* _Work instructions_
No pictures, please: print exactly the lines from the one that contains "Montreal (Canada) –" through the last line of the listing.

* _Given information_
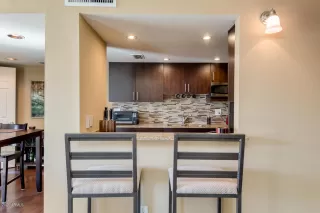 Photo #6: 6063078 Listing
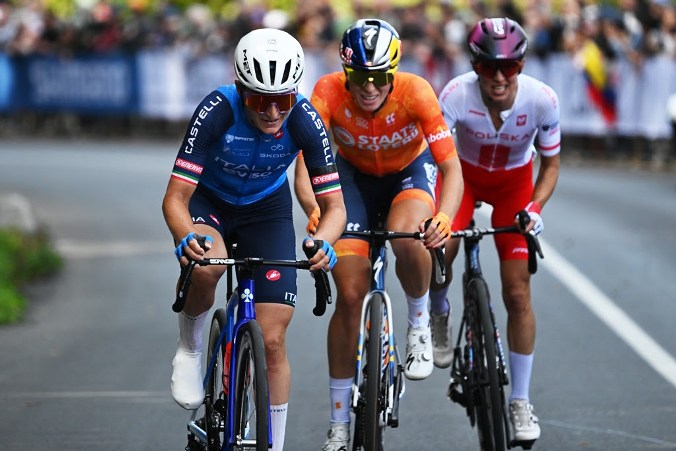 Montreal (Canada) – Elisa Longo Borghini sul terzo gradino del podio nella gara in linea preceduta dalla polacca Niewiadoma e dall’olandese Vollering neo Campionessa del Mondo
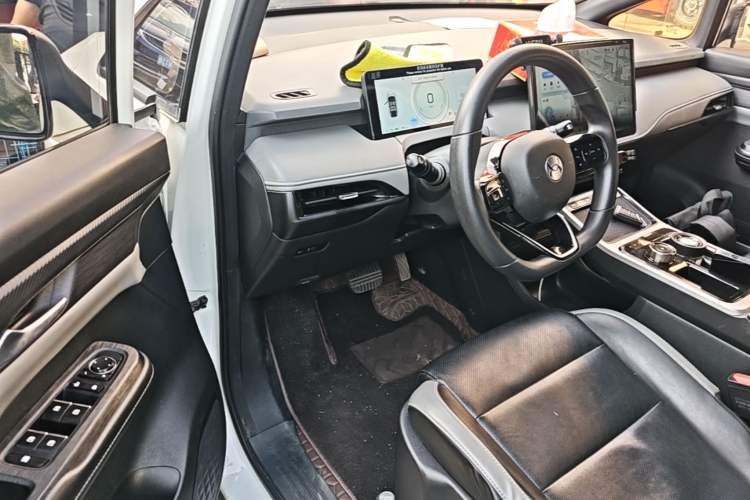 Used Hycan Z03 2022 430 km Range Trend Edition 135 kW 55.5 kWh Driver Seat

* _Response_
 Montreal (Canada) – Elisa Longo Borghini sul terzo gradino del podio nella gara in linea preceduta dalla polacca Niewiadoma e dall’olandese Vollering neo Campionessa del Mondo
 Used Hycan Z03 2022 430 km Range Trend Edition 135 kW 55.5 kWh Driver Seat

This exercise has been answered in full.